Enno Spillner, CEO of 4SC AG, commented: "We are pleased with the successful completion of the AEGIS trial. 4SC-205 very specifically inhibits an interesting therapeutic target in anti-cancer treatment, the Eg5 protein, which plays an important role in cell mitosis and tumour growth. Since 4SC-205 is orally available, we were able to evaluate this compound as the first of its kind in a clinically promising continuous dosing scheme. In this process we identified a safe and potentially effective dose for possible future Phase II trials. We are currently reviewing scenarios of further clinical development and will intensify discussions with clinical experts and potential academic and industry partners."

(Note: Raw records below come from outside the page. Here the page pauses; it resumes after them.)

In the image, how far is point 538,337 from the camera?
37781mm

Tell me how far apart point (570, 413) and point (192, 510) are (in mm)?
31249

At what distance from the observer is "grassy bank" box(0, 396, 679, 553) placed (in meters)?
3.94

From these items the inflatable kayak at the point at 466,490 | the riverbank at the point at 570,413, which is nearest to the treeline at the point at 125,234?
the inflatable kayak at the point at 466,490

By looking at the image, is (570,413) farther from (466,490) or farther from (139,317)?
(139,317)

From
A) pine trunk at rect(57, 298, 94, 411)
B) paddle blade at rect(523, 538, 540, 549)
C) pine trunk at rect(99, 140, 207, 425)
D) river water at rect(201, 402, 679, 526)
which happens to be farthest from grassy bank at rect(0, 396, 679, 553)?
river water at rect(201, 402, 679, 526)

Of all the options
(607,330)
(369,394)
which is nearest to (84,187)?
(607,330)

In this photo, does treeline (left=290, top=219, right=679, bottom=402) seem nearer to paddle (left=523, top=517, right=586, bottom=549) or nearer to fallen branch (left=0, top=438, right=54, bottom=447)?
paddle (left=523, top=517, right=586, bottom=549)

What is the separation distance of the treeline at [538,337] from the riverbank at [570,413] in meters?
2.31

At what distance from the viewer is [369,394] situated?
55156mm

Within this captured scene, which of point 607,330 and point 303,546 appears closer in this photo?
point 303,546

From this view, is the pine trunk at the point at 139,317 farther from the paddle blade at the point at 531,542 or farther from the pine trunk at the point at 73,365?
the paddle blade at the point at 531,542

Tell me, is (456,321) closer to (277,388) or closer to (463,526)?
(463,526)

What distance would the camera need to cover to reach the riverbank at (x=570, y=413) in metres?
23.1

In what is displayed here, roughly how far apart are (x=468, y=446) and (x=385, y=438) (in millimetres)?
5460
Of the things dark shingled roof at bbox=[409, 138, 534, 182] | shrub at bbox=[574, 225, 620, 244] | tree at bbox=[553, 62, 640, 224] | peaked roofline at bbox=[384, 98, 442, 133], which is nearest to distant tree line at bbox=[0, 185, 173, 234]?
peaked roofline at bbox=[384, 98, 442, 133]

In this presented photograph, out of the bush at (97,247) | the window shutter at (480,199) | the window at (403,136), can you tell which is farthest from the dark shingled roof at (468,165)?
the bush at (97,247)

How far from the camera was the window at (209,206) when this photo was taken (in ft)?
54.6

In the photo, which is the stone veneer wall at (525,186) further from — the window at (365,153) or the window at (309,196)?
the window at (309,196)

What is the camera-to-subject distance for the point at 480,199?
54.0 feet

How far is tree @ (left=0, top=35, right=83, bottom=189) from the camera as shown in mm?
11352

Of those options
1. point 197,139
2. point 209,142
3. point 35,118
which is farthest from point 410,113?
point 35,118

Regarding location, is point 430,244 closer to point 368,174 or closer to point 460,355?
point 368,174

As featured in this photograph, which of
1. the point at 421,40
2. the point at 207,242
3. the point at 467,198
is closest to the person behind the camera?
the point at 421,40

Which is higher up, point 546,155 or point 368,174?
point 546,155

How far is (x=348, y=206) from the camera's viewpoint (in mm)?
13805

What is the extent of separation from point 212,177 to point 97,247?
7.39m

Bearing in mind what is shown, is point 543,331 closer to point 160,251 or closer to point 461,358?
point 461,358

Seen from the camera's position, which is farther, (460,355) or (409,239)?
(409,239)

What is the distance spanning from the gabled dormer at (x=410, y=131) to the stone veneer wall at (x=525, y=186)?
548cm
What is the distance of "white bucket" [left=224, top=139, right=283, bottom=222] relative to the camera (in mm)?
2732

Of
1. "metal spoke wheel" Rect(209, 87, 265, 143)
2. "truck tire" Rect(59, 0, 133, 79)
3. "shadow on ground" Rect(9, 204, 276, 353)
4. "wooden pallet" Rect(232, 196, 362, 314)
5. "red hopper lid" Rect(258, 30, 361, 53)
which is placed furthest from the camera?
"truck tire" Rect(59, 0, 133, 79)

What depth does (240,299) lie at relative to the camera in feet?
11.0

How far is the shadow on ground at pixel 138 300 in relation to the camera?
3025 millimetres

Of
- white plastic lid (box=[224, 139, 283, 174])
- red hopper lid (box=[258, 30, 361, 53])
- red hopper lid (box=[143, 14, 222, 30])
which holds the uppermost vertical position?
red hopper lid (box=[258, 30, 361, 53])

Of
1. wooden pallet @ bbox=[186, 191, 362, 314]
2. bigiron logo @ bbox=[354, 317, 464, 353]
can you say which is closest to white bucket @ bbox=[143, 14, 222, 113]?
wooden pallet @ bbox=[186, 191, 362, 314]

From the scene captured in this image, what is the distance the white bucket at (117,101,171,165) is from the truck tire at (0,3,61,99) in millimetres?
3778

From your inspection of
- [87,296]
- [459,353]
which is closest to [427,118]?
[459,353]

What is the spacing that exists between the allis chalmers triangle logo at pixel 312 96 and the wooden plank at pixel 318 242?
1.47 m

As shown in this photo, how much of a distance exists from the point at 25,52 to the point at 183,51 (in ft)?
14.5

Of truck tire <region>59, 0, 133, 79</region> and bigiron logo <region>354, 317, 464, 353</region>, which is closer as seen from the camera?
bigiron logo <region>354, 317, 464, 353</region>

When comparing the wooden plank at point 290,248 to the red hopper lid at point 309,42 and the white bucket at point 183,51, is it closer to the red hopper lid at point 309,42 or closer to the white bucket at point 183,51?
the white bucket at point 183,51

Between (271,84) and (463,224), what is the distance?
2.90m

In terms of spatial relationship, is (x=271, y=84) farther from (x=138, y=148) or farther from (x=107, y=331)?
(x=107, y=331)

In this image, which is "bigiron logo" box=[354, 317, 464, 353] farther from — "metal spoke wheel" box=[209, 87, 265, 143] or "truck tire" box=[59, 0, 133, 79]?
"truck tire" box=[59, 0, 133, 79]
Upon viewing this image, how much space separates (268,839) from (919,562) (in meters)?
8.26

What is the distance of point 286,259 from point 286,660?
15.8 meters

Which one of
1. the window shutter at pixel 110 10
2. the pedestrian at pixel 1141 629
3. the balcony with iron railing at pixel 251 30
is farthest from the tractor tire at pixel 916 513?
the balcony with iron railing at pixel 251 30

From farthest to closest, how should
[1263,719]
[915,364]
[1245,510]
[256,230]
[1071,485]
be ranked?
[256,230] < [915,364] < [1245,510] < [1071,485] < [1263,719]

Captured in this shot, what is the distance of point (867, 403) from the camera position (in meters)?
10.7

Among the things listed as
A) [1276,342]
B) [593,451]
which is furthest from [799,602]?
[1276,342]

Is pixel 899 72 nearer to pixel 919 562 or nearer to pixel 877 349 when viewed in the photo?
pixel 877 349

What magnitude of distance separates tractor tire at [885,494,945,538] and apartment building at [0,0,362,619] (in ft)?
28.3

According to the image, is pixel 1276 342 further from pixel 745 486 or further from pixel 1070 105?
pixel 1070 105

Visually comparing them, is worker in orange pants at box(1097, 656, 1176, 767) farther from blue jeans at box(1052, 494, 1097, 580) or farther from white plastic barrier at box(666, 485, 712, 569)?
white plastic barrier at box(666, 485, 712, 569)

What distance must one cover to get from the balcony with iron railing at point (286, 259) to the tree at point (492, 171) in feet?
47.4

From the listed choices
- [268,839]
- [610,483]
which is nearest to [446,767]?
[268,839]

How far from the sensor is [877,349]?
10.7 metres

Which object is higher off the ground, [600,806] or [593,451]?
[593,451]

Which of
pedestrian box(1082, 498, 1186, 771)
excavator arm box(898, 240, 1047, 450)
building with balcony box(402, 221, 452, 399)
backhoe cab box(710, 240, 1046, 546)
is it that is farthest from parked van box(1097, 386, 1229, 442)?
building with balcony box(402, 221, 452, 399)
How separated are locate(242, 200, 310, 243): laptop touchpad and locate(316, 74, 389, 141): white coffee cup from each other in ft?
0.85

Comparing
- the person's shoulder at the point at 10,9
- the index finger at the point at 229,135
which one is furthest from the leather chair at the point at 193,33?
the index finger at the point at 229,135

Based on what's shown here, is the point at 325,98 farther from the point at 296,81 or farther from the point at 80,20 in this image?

Details of ASCO (Free ASCO Whitepaper) poster presentation

View Source
Abstract No. 2528
Poster Title: Overcoming the proliferation rate paradox: Clinical evaluation of a continuous dosing scheme of the novel oral Eg5 inhibitor 4SC-205.
Time/Location: 30 May 2015, 8:00-11:30am, CDT, McCormick Place: S Hall A, Board #244
Poster Session: Developmental Therapeutics – Clinical Pharmacology and Experimental Therapeutics
Sub-Category: Cell Cycle and Checkpoints
Authors: Klaus B. Mross, Dirk Scharr, Heike Richly, Sebastian Bauer, Babett Krauss, Rolf Krauss, Bernhard Hauns, Tanja Prenzel, Hella Kohlhof, Roland Baumgartner, Max E. Scheulen;
Klinik für Tumorbiologie, Freiburg, Germany; Department of Medical Oncology, West German Cancer Center, University Hospital Essen, Germany; University Clinic Essen, Germany; 4SC AG, Planegg-Martinsried, Germany; Innere Universitaetsklinik und Poliklinik, Essen, Germany

About 4SC-205

4SC-205 is a specific small molecule inhibitor of the human kinesin spindle protein Eg5 which is of crucial importance for cell division (mitosis). Eg5 interacts with microtubules, a component of the cellular mitosis machinery, and mediates the segregation of the two spindle poles resulting in the correct distribution of the chromosomes to the daughter cells. Inhibition of Eg5 leads to cell cycle arrest in mitosis und subsequent programmed cell death (apoptosis). Mitosis is the fundamental process leading to cell division and tissue growth. The mitotic spindle apparatus has been for decades a primary target for the development of anti-mitotic agents such as the taxanes and vinca alkaloids which are broadly used in cancer therapies as single chemotherapeutic agents or in combination. In preclinical tests 4SC-205 has proven to be a particularly effective inhibitor of tumour cell proliferation of various cancer origins, both in vitro and in vivo.